K: Because I haven’t watered it in a really long time.
Z: Your mother-in-law’s tongue looks like it’s starting to lose the will to live.
K: I know. I need to water that, too.
Z: They’re trying to tell you.
K: I know. I’m not listening to them though.
Z: Pointing to the other side of the room. This one looks good.
K: It’s Taryn’s.
Z: Her plants do better in the shadows than yours do in the light.
K: It’s because she puts them in the sink and actually waters them. She puts effort toward taking care of them.
Z: What a loser.
LOL into a double sigh.
Z: So, do you want to talk about this? Pointing to “Three Months with a Cult.”
K: Yeah, okay. You start.
Z: There’s something about it that, I mean, it’s so unattractive, yet I’m so attracted to it in part because it feels like a start for me, and also a start for us. It holds such a value to me. This is the beginning of my thought process. Not only around how to write a poem, but how to make an object. That didn’t start in a vacuum. It started with you.

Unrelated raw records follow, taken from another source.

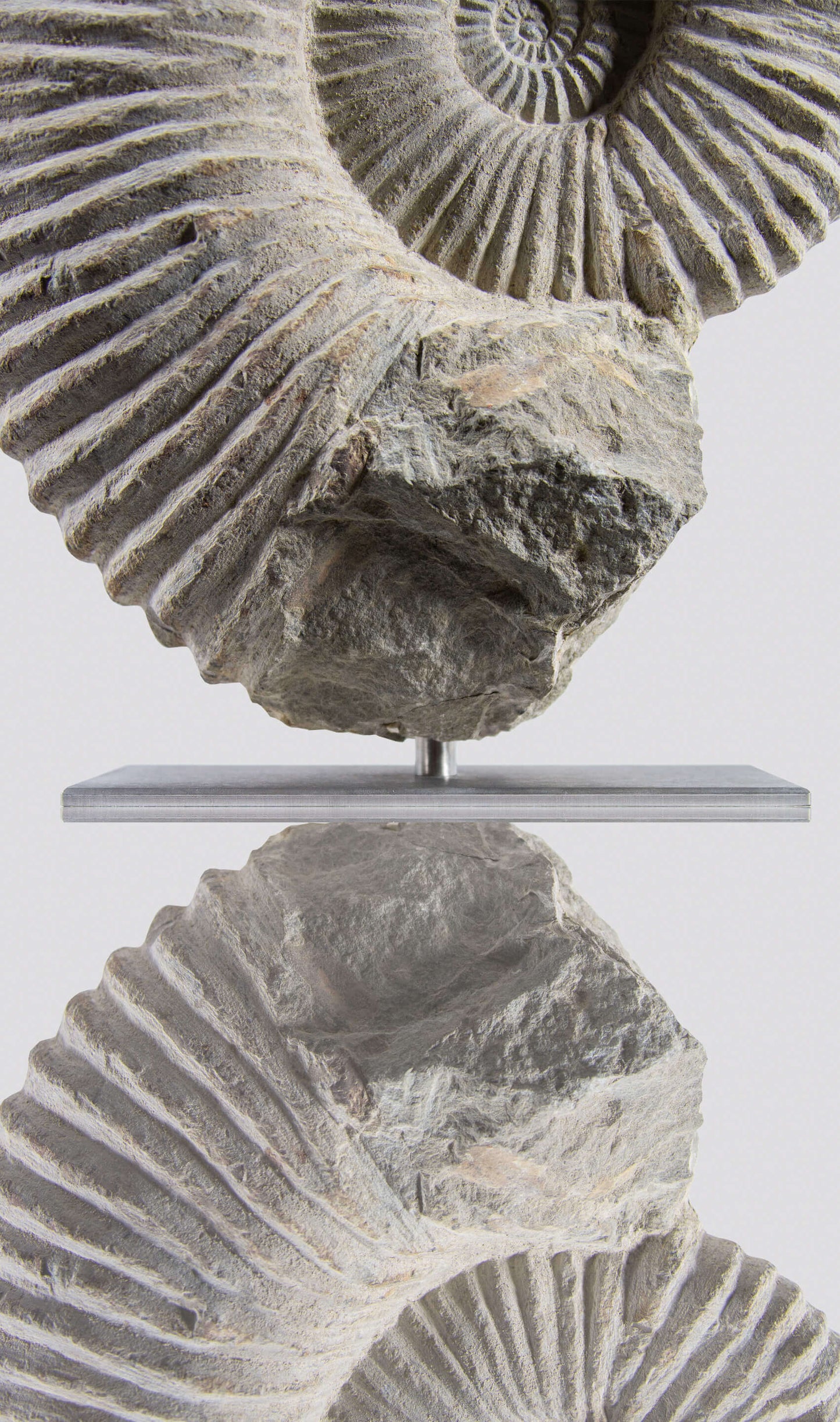 ARCHIVED: Mantelliceras Ammonite on Steel 288mm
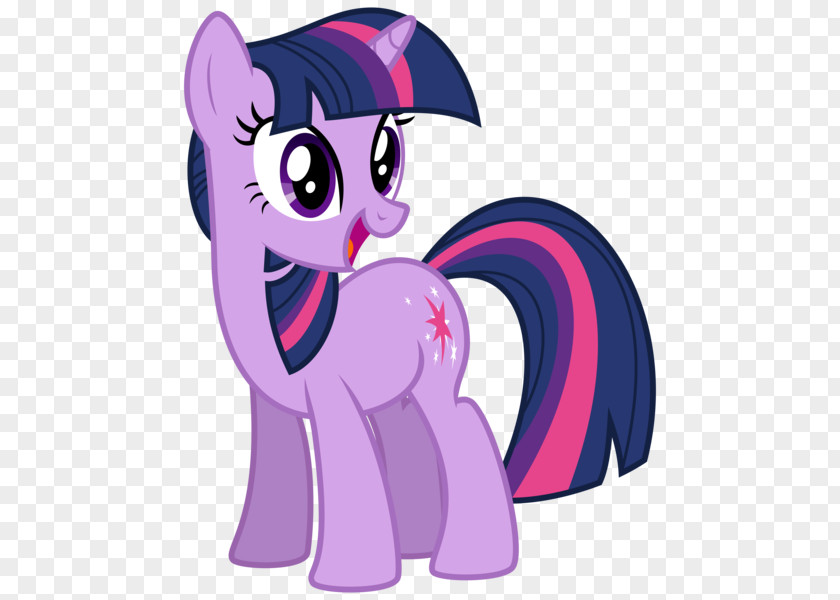 My Little Pony Twilight Sparkle Rarity Spike Pinkie Pie PNG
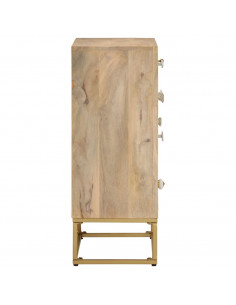 Credenza 55x30x76 cm in Legno Massello di Mango e Ferro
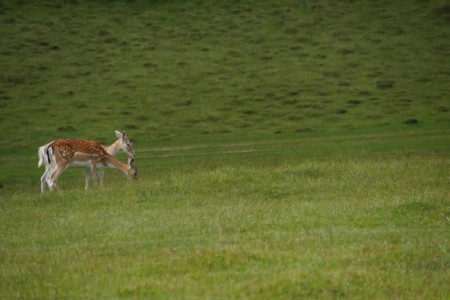 Knole House Daims Knole House Angleterre roadtrip 3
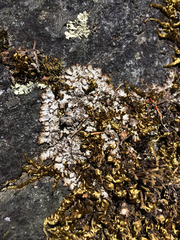 Punctelia stictica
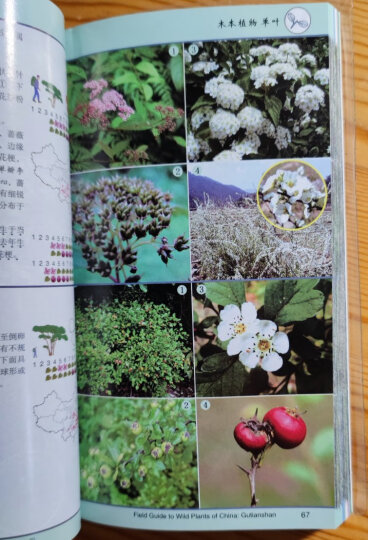 中国常见植物野外识别手册：古田山册 晒单图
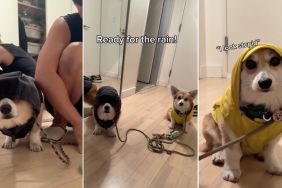 Video: Corgis Are Not Much Impressed by Their Rainy Day Fits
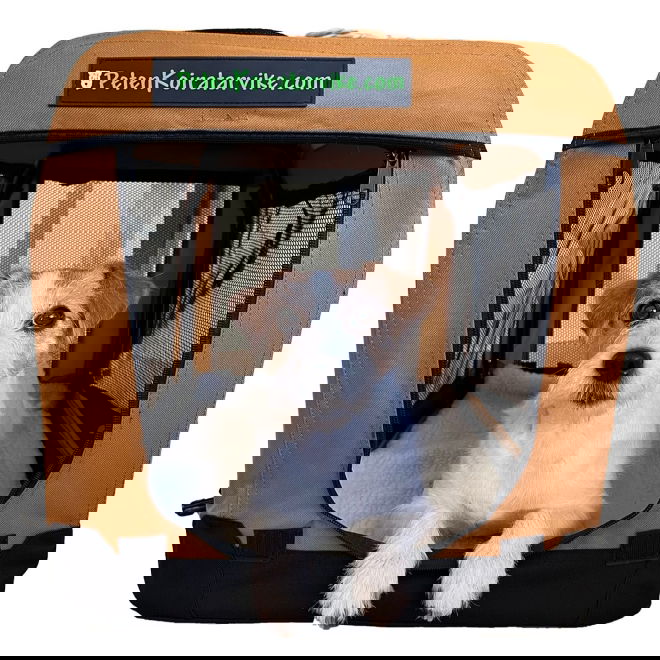 Koiran kevythäkki PetEasy, tyrni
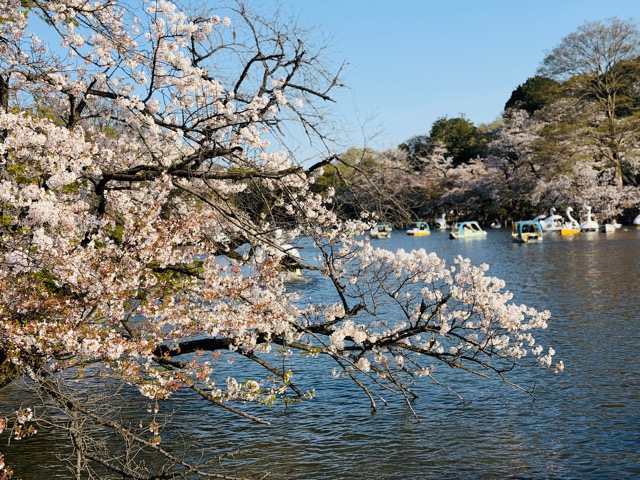 gol. STORE TSUBASA 吉祥寺 キャプテン翼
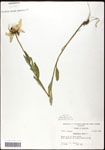 000060661-thumbnail.jpg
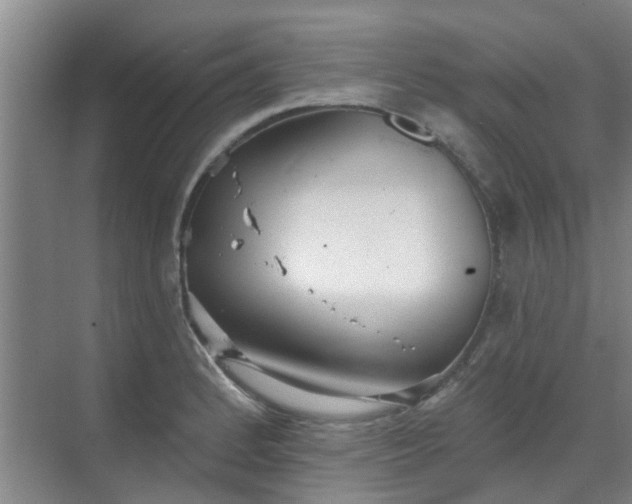 X0000070341184200606161243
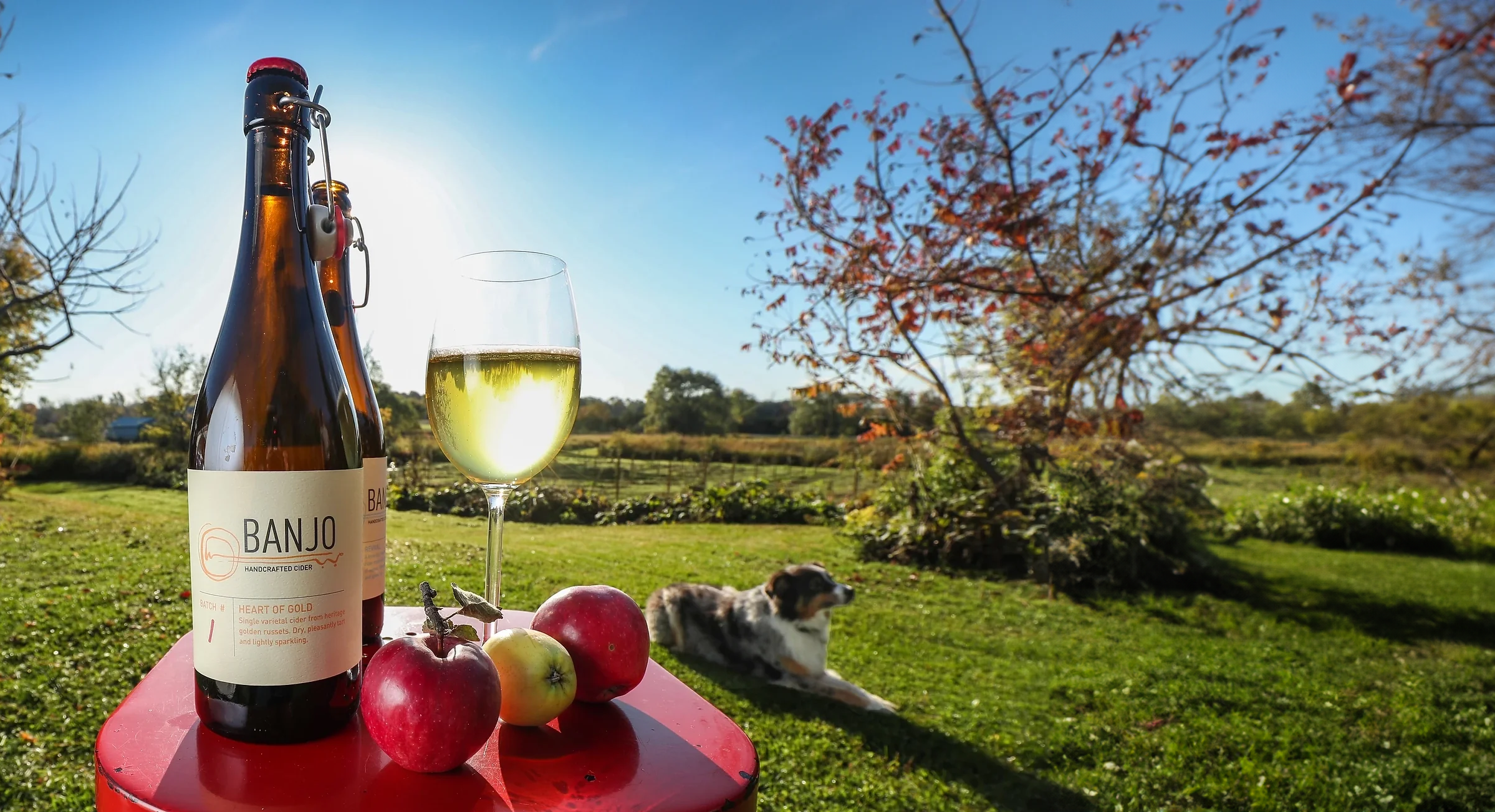 A display of banjo cider in the orchard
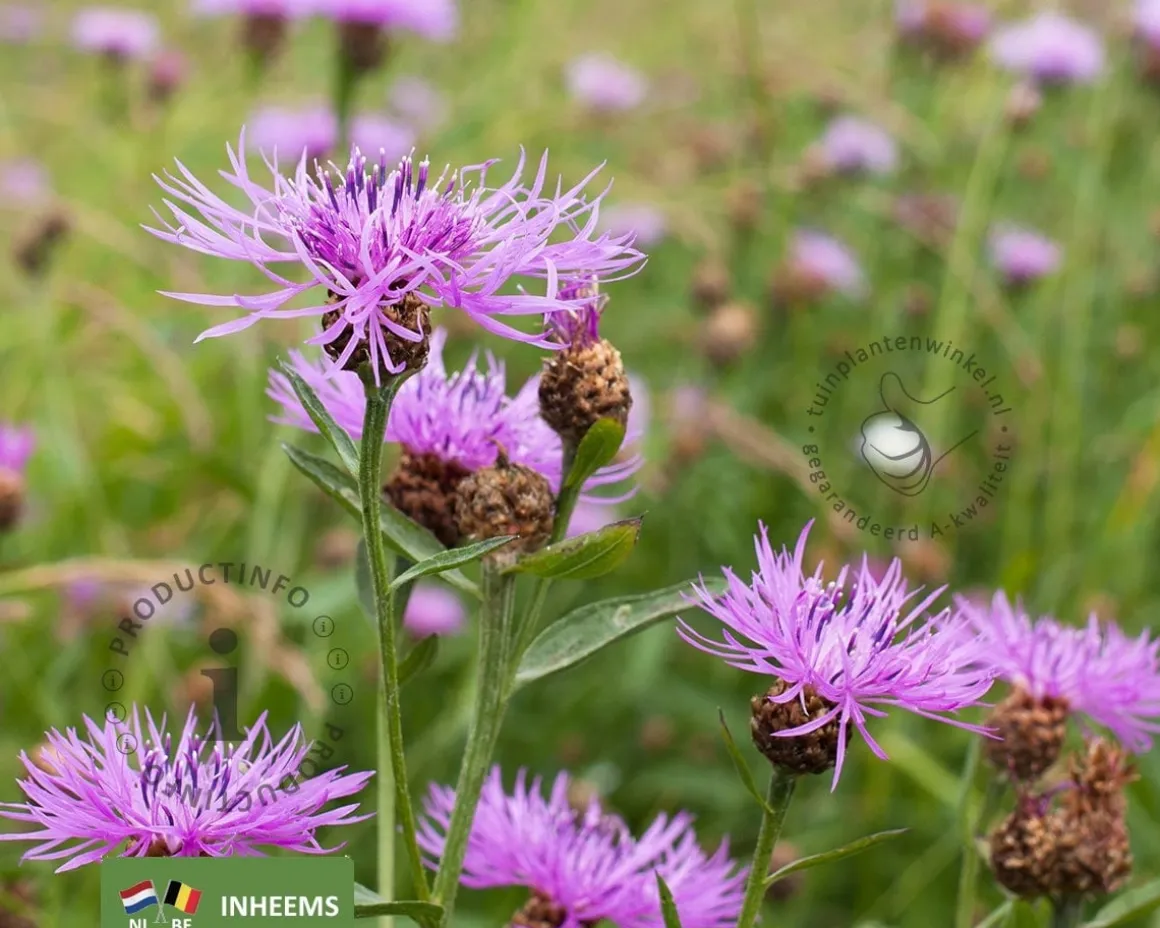 Centaurea jacea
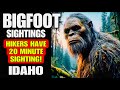 Hikers Have a 20 Minute Sighting of a BIGFOOT!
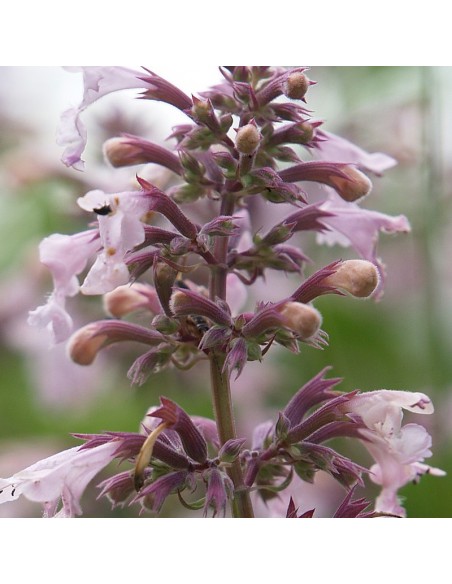 Chataire Dawn to dusk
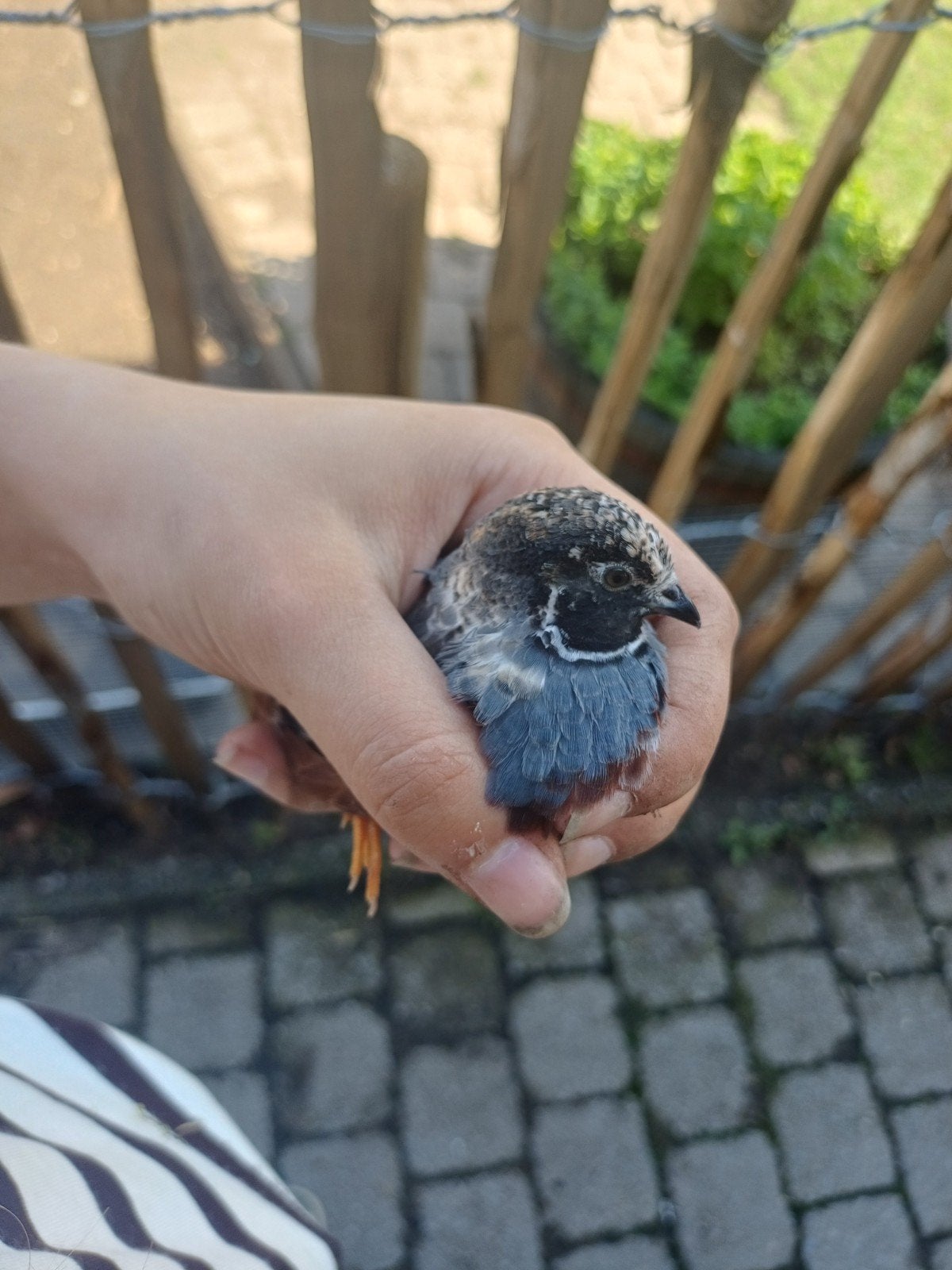 Kwartel haantje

K: Yeah. And this represents, for me, our time at the writing center where I was first in a position to help other people — whether I was putting their publications together, or setting up their Hotmail accounts, or calming a really freaked out girl because her screen went blank but didn’t realize that all she needed to do was move the mouse to wake it up. It was my first time being in a role where I was a teacher. I had no intentions of ever being in that position. And here I am twenty years later, and you, too.
Z: Right? Right. How did that happen?
K: Or, more like a facilitator to help people make things. That was also an interesting time because we worked at the only place on campus that had Apple computers. In my previous experience with computers, it was all about PCs, and I just didn’t like it that much. This book also marks a time when you and I were both Mass Communications majors, and we hated it. We burned our books in the field.
Z: Oh, yeah!
K: I still have that charred cover.
Z: That was before this? Pointing to “Three Months with a Cult.”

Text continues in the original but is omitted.